1. User explicitly clicks "Play" on Video A. 2. Video A starts playing in a visible IFrame player. 3. User minimizes the browser window or switches to another tab. (document.visibilityState becomes 'hidden') 4. Video A ends. 5. The autoplay feature attempts to load and play Video B.

What the policy says

The Developer Policies prohibit:

Allow for background play of the YouTube video player. Example: Using YouTube's API to allow videos to play even when your API service window is closed or minimized.

My interpretation

I believe this prohibition targets developer-implemented mechanisms that explicitly enable background playback (hidden iframes, audio extraction, wake locks, service workers bypassing browser autoplay restrictions).

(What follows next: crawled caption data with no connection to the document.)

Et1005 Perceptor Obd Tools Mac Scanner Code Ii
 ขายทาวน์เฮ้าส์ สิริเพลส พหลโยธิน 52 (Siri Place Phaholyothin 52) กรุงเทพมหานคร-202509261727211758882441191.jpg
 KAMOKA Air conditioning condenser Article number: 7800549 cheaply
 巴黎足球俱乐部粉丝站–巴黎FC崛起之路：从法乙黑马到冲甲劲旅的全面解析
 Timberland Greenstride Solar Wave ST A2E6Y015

In my scenario, I'm not implementing any such bypass. The browser's default autoplay handling determines whether Video B starts playing or not.

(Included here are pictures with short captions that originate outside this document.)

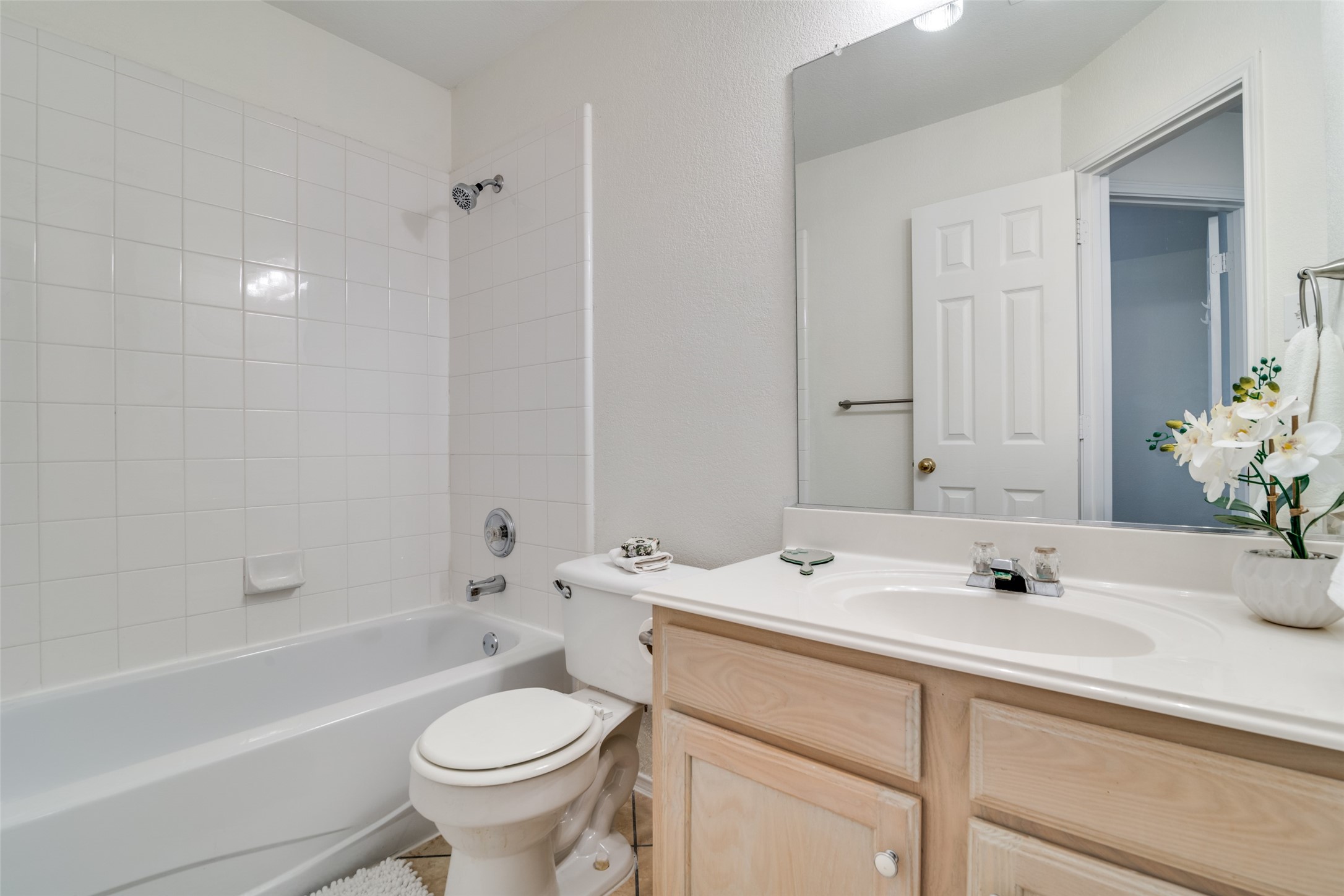 2185 Crestlake Drive Rockwall TX 75087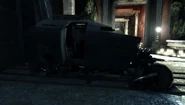 Railcar5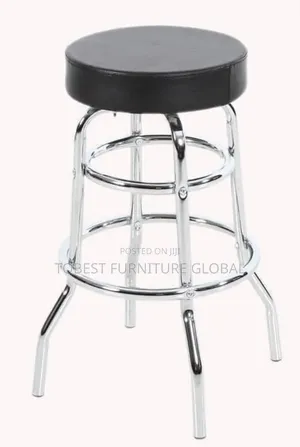 New Laboratory Stool Chair
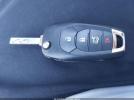 Chevrolet Cruze Ls Auto Image 15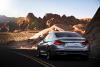 BMW Concept 4 Series Coupe photo 22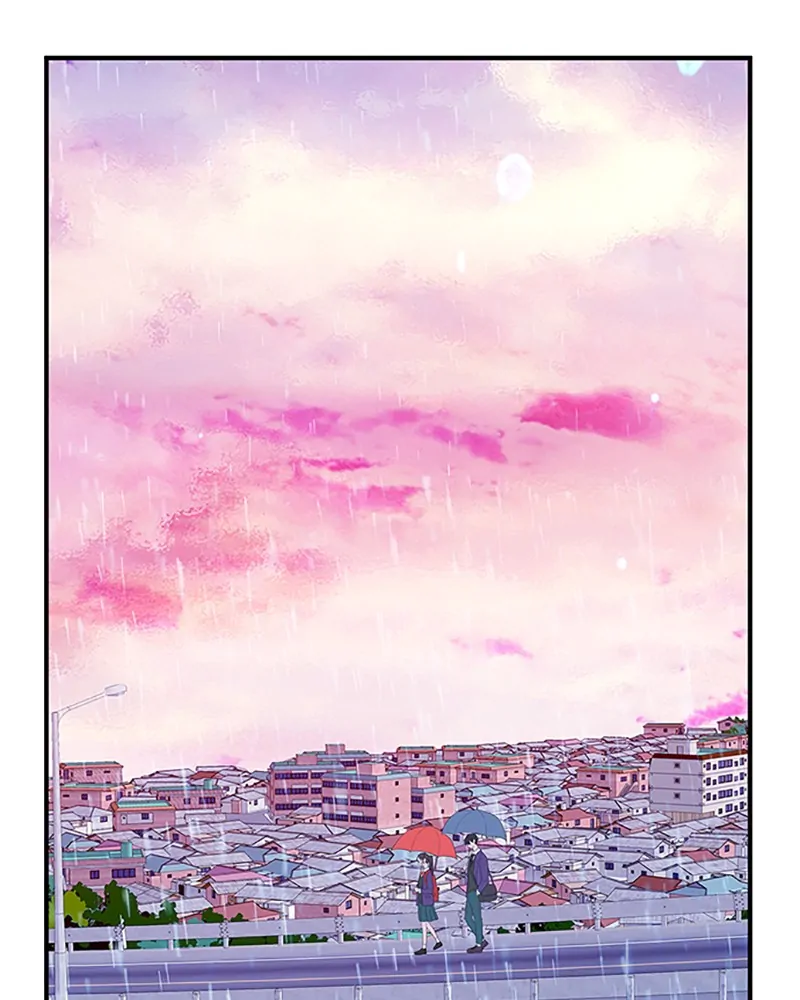 Back to You chapter 7 page 35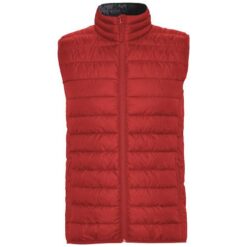 Oslo men's insulated bodywarmer Oslo men's insulated bodywarmer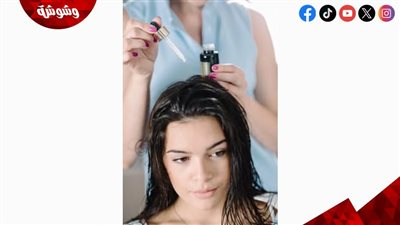 ثورة النقاء.. لماذا يتصدر زيت الأرجان المغربي قائمة الخيارات المفضلة؟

Two implementation options

Option A: No explicit gating

function onPlayerStateChange(event) { if (event.data === YT.PlayerState.ENDED) { const nextId = playlist.shift(); if (nextId) player.loadVideoById(nextId); } }

Option B: Explicit visibility gating

let pendingNext = null; function onPlayerStateChange(event) { if (event.data === YT.PlayerState.ENDED) { if (document.visibilityState !== 'visible') { pendingNext = playlist.shift(); return; } const nextId = playlist.shift(); if (nextId) player.loadVideoById(nextId); } } document.addEventListener('visibilitychange', () => { if (document.visibilityState === 'visible' && pendingNext) { player.loadVideoById(pendingNext); pendingNext = null; } });

My question

Does Option A constitute "allowing for background playback" in the sense prohibited by the YouTube Developer Policies, even though the developer is not implementing any explicit bypass mechanism?

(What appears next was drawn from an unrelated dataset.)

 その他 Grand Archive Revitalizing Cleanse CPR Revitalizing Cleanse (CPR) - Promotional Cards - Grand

In other words: is Option B (explicit gating) required for policy compliance, or is Option A acceptable as long as no audio extraction, hidden players, or autoplay bypass mechanisms are used?

What I've already reviewed

YouTube API Services - Developer Policies Required Minimum Functionality Complying with YouTube's Developer Policies

I couldn't find an explicit clarification for this specific case (user-initiated foreground playback that continues into background, followed by autoplay queue progression).